The healthcare industry is getting an AI boost – and some players could see significant gains.
“Our top pick in 2026 is Waystar,” Bank of America analyst Allen Lutz wrote in a recent report, highlighting the company’s unique position at the intersection of high-growth software and the industry’s massive administrative bottleneck. “The earnings multiple is expected to increase as growth proves sustainable.”
The company’s arguments in favor of Waystar (PATH) is based on the idea that its growth is “too cheap” to ignore, even though the stock has faced plenty of pressure and fallen 20% over the past year.
Lutz noted that the company went through a period of “deal purgatory” following its $1.25 billion acquisition of Iodine Software in late 2025, which only recently began to see full operational integration.
There is also the lingering fear that UnitedHealth (UNH) Optum could recover lost market share during 2024 Change Healthcare Cybersecurity Attack — a catastrophic failure that caused serious cash flow problems and delayed patient care in U.S. hospitals.
“Hospitals are looking for new revenue cycle vendors, in part because of the Change Healthcare cybersecurity breach,” Lutz wrote. “And the rapid growth of AI is also pushing hospitals to make changes to their platform.”
This shift gives “differentiated” players like Waystar an opportunity to gain traction.
Despite headwinds from utilization and political uncertainty, Waystar has maintained an aggressive consolidation strategy. Since its founding in 2017, the company has completed more than 10 acquisitions and now processes more than 7.5 billion transactions per year. Lutz estimated that the deployment strategy could unlock 400 to 500 basis points of margin upside as the company integrates AI and scales, leading the company to issue a Buy rating and a $52 price target.
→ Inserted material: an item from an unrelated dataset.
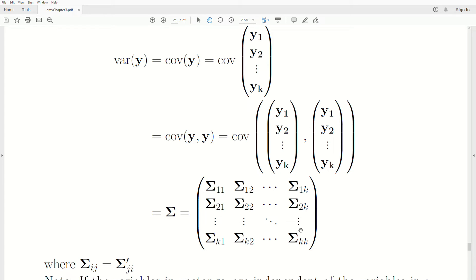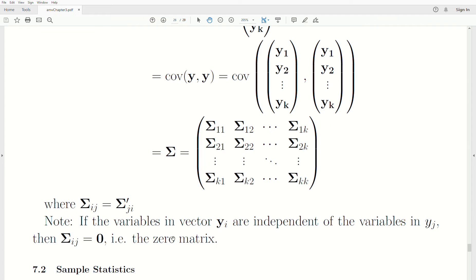This is symmetric, so off-diagonals are equal. But to write it in this subset notation, sigma-1,2 is not equal to sigma-2,1 — they could be different dimensions. For example, this could be a 2-by-3 matrix, but then the other would have to be 3-by-2. We can say the transpose of one equals the other. Also note: if the variables in vector YI are independent of the variables in another subset YJ, then the covariance matrix sigma-IJ is the zero matrix, because independent variables have zero covariance — they don't co-vary.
The AI-centric value proposition is what Ryan Daniels, an analyst at William Blair, called a transition to a “self-sustaining revenue cycle.”
“AI has the potential to revolutionize myriad revenue cycle management functions, which could reshape market dynamics,” Daniels said.
Waystar is among the major players that will benefit from the revolution, he argued, specifically citing the company’s “AltitudeAI” tool designed to solve the industry’s $20 billion denial problem. Management claims the software can generate denial calls 90% faster, reducing a 38-hour manual process to just two.
Although Waystar stands out, Daniels also highlighted Phreesia (PHR) and Health Catalyst (HCAT) as key players, even if they operate at different scales and in different specialties.